Many have pinned Avengers Assemble’s staggering success on the work that had already been done to build up its universe; the sixth film in the MCU, each of its predecessors teed up one of the major players. Such a foundation enabled Marvel to offset many of the major problems which tend to plague ensemble films: instead of being forced to watch cyphers fail to interact in any meaningful way, or endure hours of bland hollow shells going through the motions, they come together fully-formed, the audience understanding their motivations, histories, personalities, and drives.
And yet, it is untenable to argue that this is the only road to success, not least because 2014’s Guardians of the Galaxy was a smash hit which introduced a largely unknown cast of wacky characters. It made excellent use of Chris Pratt’s Peter Quill as a way into its ensemble cast, allowing the audience to get to grips with its universe one alien at a time.
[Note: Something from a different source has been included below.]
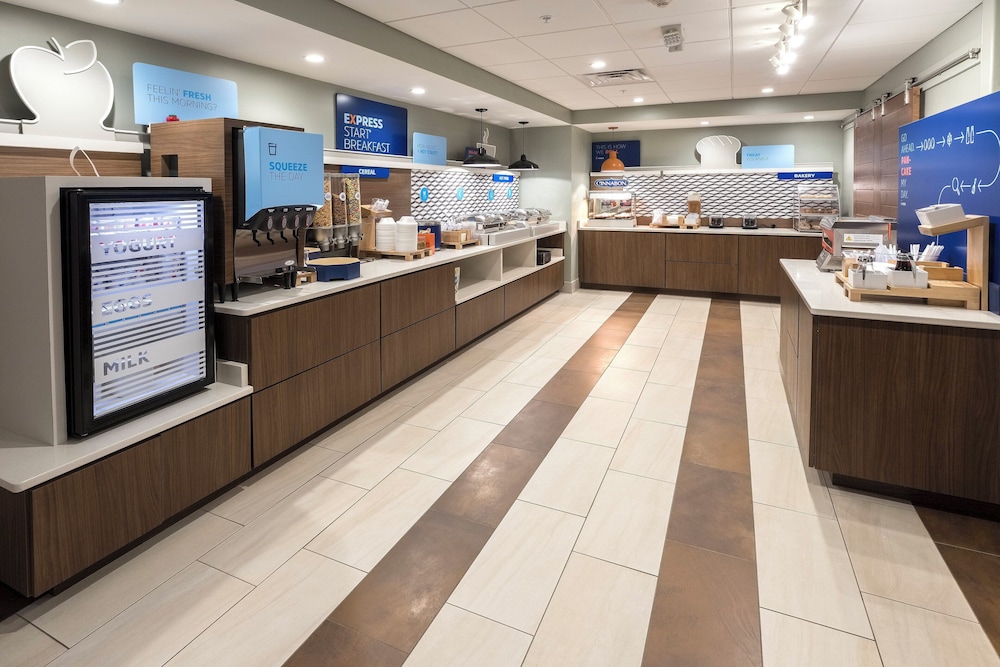Holiday Inn Express & Suites Commerce by IHG - photo 19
Its triumph is rooted in the regard it displays for each member of its cast: they all get their minute to shine, are all imbued with history and inner life, are all constantly forming opinions on the other characters and the group and then reforming them in the light of new circumstances.
This is the thread that links them all, the cloth from which all ensemble films worth watching are cut. Avengers Assemble, despite inheriting a pre-established cast, lets character dynamics play out organically: the ideological tension between Iron Man and Captain America, the science-based bonding of Tony Stark and Bruce Banner, the animosity felt by the team towards Fury’s secrecy all feel like natural consequences of these characters colliding. This is not a team composed of vapid symbols and vacuous icons, devoid of humanity, separated from comprehensible group dynamics in favour of trite iconography.
Marvel’s productions have notable (and well-noted) flaws: their villains are often plot devices where a character should be, their soundtracks rarely do anything more than exist, and the television-side of their universe has entirely failed to reach the heady heights of their silver-screen epics. Nevertheless, their unique character-driven formula has allowed for the creation of the best superhero ensemble films ever made. X-Men eat your heart out.